● Your instructions
Each line of the data needs to be transcribed exactly.

(Scraped caption text data)
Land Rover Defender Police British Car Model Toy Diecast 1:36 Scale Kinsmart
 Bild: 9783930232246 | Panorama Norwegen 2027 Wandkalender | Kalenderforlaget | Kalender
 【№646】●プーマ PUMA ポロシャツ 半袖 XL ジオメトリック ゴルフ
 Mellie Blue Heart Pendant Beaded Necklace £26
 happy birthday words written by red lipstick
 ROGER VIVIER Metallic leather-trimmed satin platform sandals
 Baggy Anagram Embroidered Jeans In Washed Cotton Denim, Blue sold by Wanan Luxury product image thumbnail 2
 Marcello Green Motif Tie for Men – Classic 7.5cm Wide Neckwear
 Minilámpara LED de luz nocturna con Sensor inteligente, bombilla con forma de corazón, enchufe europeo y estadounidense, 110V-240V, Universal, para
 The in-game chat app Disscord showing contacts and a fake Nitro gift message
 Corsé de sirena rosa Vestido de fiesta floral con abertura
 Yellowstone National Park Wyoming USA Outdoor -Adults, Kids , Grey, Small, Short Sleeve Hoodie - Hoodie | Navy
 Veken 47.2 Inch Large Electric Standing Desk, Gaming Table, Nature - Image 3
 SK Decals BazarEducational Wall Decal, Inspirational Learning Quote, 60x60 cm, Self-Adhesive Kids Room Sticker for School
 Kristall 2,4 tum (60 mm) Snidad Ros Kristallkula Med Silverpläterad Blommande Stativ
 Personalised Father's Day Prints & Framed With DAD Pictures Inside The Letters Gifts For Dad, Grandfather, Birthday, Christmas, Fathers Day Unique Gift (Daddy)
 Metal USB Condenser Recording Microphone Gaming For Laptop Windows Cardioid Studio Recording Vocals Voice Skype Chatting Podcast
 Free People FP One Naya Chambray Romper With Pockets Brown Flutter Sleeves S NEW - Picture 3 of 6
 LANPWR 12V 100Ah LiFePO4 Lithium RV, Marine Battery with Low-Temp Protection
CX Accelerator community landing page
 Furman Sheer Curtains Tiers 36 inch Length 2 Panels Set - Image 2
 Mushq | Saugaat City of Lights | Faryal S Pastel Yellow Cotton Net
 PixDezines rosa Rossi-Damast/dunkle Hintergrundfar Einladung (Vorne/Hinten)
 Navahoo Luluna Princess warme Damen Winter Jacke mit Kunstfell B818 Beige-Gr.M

● Answer box
Land Rover Defender Police British Car Model Toy Diecast 1:36 Scale Kinsmart
 Bild: 9783930232246 | Panorama Norwegen 2027 Wandkalender | Kalenderforlaget | Kalender
 【№646】●プーマ PUMA ポロシャツ 半袖 XL ジオメトリック ゴルフ
 Mellie Blue Heart Pendant Beaded Necklace £26
 happy birthday words written by red lipstick
 ROGER VIVIER Metallic leather-trimmed satin platform sandals
 Baggy Anagram Embroidered Jeans In Washed Cotton Denim, Blue sold by Wanan Luxury product image thumbnail 2
 Marcello Green Motif Tie for Men – Classic 7.5cm Wide Neckwear
 Minilámpara LED de luz nocturna con Sensor inteligente, bombilla con forma de corazón, enchufe europeo y estadounidense, 110V-240V, Universal, para
 The in-game chat app Disscord showing contacts and a fake Nitro gift message
 Corsé de sirena rosa Vestido de fiesta floral con abertura
 Yellowstone National Park Wyoming USA Outdoor -Adults, Kids , Grey, Small, Short Sleeve Hoodie - Hoodie | Navy
 Veken 47.2 Inch Large Electric Standing Desk, Gaming Table, Nature - Image 3
 SK Decals BazarEducational Wall Decal, Inspirational Learning Quote, 60x60 cm, Self-Adhesive Kids Room Sticker for School
 Kristall 2,4 tum (60 mm) Snidad Ros Kristallkula Med Silverpläterad Blommande Stativ
 Personalised Father's Day Prints & Framed With DAD Pictures Inside The Letters Gifts For Dad, Grandfather, Birthday, Christmas, Fathers Day Unique Gift (Daddy)
 Metal USB Condenser Recording Microphone Gaming For Laptop Windows Cardioid Studio Recording Vocals Voice Skype Chatting Podcast
 Free People FP One Naya Chambray Romper With Pockets Brown Flutter Sleeves S NEW - Picture 3 of 6
 LANPWR 12V 100Ah LiFePO4 Lithium RV, Marine Battery with Low-Temp Protection
CX Accelerator community landing page
 Furman Sheer Curtains Tiers 36 inch Length 2 Panels Set - Image 2
 Mushq | Saugaat City of Lights | Faryal S Pastel Yellow Cotton Net
 PixDezines rosa Rossi-Damast/dunkle Hintergrundfar Einladung (Vorne/Hinten)
 Navahoo Luluna Princess warme Damen Winter Jacke mit Kunstfell B818 Beige-Gr.M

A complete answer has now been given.